**What you have to do**.
Print the data below exactly, but only the lines from the one containing "portrait of a" down to the one containing "Live event with", inclusive.

**Supplied records**.

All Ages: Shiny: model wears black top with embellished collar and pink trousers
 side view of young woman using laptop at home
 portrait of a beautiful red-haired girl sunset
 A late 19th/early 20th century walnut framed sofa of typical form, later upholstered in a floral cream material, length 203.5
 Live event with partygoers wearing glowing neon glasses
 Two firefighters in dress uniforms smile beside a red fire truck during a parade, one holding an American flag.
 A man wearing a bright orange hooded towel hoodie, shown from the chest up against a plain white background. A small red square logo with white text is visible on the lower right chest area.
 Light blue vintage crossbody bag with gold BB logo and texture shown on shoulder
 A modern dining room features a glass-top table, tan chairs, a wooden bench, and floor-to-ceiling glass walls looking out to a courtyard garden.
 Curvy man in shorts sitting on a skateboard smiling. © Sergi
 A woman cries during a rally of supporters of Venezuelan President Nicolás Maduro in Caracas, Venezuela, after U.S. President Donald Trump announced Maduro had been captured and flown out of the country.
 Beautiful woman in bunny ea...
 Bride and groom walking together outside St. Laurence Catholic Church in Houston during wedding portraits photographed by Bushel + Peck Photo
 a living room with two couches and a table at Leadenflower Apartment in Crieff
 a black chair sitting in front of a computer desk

**Finished task**.
 portrait of a beautiful red-haired girl sunset
 A late 19th/early 20th century walnut framed sofa of typical form, later upholstered in a floral cream material, length 203.5
 Live event with partygoers wearing glowing neon glasses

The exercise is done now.